WHAT YOU SHOULD DO: The data below holds the lines to copy: everything from the line containing "Adidas Terrex Soulstride" to the line containing "Pilz PNOZ X9P", both ends included, set down exactly.
::::::::::
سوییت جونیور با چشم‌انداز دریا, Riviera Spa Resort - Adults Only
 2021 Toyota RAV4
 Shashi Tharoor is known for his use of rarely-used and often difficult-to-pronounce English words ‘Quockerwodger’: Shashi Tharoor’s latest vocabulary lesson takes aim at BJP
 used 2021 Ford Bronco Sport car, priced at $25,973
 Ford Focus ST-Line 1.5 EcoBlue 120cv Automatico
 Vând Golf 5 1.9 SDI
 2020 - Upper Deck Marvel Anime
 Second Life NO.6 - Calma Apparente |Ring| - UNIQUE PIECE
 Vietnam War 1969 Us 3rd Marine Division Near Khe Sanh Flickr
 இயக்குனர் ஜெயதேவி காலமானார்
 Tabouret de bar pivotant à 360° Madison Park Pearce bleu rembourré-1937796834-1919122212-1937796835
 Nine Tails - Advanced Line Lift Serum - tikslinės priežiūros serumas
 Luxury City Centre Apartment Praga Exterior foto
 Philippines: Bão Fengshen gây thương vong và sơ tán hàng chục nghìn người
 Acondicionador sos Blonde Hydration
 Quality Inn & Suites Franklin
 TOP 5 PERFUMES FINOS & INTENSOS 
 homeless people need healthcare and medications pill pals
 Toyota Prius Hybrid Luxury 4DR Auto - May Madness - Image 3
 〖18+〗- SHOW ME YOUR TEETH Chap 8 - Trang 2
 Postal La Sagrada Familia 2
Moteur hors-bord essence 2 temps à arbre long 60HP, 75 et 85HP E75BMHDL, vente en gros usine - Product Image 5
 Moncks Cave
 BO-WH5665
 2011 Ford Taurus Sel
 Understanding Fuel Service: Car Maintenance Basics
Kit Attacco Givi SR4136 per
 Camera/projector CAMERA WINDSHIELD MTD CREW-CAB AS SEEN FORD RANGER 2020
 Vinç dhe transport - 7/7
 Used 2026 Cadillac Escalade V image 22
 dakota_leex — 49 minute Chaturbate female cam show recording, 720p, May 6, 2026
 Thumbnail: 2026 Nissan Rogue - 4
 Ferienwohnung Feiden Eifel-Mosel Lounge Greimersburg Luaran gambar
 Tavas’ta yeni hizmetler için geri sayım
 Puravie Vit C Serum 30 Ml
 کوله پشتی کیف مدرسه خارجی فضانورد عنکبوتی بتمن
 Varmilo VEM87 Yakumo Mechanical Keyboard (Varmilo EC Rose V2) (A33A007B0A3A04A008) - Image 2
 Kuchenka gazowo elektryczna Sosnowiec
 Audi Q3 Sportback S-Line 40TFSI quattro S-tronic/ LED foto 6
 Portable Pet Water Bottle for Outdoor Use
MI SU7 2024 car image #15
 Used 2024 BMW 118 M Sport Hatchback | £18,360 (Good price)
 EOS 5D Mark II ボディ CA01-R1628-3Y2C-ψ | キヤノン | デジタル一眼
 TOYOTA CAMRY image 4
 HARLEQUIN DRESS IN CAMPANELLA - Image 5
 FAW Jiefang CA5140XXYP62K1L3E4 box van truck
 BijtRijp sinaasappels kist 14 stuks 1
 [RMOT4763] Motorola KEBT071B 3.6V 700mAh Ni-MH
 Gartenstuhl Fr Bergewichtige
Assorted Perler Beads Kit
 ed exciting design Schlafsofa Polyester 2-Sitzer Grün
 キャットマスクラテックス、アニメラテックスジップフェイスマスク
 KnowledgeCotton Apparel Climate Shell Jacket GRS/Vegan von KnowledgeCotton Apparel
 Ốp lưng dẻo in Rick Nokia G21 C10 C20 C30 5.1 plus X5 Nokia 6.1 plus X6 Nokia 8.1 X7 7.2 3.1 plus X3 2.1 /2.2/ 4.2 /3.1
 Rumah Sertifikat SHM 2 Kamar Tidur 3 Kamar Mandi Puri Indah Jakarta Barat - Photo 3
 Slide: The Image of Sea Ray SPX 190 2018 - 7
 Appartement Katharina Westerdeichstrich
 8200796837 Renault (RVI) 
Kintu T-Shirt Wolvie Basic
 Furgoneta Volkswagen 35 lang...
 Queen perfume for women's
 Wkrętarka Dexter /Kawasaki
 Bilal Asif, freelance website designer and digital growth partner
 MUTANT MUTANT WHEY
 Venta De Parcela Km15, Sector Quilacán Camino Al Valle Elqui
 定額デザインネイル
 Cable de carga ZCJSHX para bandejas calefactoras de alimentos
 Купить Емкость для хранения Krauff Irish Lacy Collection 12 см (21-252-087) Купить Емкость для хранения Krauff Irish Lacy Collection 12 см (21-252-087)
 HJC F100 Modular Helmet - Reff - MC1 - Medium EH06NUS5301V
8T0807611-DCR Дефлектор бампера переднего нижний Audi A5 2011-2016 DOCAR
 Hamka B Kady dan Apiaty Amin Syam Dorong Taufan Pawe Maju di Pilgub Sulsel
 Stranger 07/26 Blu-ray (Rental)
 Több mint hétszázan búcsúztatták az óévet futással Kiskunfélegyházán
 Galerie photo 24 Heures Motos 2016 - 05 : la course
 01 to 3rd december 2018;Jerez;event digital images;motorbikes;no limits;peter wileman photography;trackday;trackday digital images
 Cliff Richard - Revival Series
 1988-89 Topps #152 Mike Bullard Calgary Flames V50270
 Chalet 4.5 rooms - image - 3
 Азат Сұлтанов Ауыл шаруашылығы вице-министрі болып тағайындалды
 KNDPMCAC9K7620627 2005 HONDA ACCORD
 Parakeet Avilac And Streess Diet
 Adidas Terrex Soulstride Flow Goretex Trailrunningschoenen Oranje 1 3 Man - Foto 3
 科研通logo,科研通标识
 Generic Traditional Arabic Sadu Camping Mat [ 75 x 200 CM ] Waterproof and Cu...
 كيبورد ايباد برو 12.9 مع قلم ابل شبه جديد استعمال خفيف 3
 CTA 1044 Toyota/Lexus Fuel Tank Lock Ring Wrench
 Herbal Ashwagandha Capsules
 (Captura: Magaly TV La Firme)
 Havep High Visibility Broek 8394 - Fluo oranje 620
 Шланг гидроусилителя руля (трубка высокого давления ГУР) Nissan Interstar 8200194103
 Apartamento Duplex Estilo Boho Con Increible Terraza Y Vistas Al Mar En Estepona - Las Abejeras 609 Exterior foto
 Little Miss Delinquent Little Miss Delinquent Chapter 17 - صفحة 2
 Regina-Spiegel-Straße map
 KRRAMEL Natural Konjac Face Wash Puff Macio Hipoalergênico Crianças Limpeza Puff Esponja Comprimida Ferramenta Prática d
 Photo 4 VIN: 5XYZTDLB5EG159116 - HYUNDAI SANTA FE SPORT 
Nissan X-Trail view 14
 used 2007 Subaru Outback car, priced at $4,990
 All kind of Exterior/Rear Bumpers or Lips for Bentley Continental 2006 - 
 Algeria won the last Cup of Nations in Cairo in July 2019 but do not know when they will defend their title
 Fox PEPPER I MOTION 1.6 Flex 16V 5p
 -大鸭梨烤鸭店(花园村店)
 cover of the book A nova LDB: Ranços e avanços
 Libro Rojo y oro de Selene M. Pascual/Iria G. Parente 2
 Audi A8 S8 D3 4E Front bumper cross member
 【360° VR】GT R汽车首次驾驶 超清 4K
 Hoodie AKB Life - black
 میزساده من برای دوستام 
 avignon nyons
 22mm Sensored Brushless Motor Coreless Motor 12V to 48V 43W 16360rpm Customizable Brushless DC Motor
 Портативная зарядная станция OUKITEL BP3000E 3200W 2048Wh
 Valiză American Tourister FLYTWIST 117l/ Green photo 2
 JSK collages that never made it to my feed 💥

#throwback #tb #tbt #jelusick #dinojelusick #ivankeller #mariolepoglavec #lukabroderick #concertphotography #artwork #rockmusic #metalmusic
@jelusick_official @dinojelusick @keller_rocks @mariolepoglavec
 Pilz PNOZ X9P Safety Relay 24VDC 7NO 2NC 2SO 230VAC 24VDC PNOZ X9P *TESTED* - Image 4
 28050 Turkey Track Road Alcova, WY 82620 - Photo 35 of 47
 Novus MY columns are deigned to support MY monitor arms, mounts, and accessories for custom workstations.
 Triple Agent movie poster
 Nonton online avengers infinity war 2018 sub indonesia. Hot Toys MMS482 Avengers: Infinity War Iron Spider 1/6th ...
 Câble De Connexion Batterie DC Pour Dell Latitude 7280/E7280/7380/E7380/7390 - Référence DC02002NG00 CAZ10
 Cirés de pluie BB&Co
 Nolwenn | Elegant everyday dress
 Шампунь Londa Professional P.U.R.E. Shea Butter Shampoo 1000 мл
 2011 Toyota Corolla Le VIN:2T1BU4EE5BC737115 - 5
::::::::::
TASK ANSWER:
 Adidas Terrex Soulstride Flow Goretex Trailrunningschoenen Oranje 1 3 Man - Foto 3
 科研通logo,科研通标识
 Generic Traditional Arabic Sadu Camping Mat [ 75 x 200 CM ] Waterproof and Cu...
 كيبورد ايباد برو 12.9 مع قلم ابل شبه جديد استعمال خفيف 3
 CTA 1044 Toyota/Lexus Fuel Tank Lock Ring Wrench
 Herbal Ashwagandha Capsules
 (Captura: Magaly TV La Firme)
 Havep High Visibility Broek 8394 - Fluo oranje 620
 Шланг гидроусилителя руля (трубка высокого давления ГУР) Nissan Interstar 8200194103
 Apartamento Duplex Estilo Boho Con Increible Terraza Y Vistas Al Mar En Estepona - Las Abejeras 609 Exterior foto
 Little Miss Delinquent Little Miss Delinquent Chapter 17 - صفحة 2
 Regina-Spiegel-Straße map
 KRRAMEL Natural Konjac Face Wash Puff Macio Hipoalergênico Crianças Limpeza Puff Esponja Comprimida Ferramenta Prática d
 Photo 4 VIN: 5XYZTDLB5EG159116 - HYUNDAI SANTA FE SPORT 
Nissan X-Trail view 14
 used 2007 Subaru Outback car, priced at $4,990
 All kind of Exterior/Rear Bumpers or Lips for Bentley Continental 2006 - 
 Algeria won the last Cup of Nations in Cairo in July 2019 but do not know when they will defend their title
 Fox PEPPER I MOTION 1.6 Flex 16V 5p
 -大鸭梨烤鸭店(花园村店)
 cover of the book A nova LDB: Ranços e avanços
 Libro Rojo y oro de Selene M. Pascual/Iria G. Parente 2
 Audi A8 S8 D3 4E Front bumper cross member
 【360° VR】GT R汽车首次驾驶 超清 4K
 Hoodie AKB Life - black
 میزساده من برای دوستام 
 avignon nyons
 22mm Sensored Brushless Motor Coreless Motor 12V to 48V 43W 16360rpm Customizable Brushless DC Motor
 Портативная зарядная станция OUKITEL BP3000E 3200W 2048Wh
 Valiză American Tourister FLYTWIST 117l/ Green photo 2
 JSK collages that never made it to my feed 💥

#throwback #tb #tbt #jelusick #dinojelusick #ivankeller #mariolepoglavec #lukabroderick #concertphotography #artwork #rockmusic #metalmusic
@jelusick_official @dinojelusick @keller_rocks @mariolepoglavec
 Pilz PNOZ X9P Safety Relay 24VDC 7NO 2NC 2SO 230VAC 24VDC PNOZ X9P *TESTED* - Image 4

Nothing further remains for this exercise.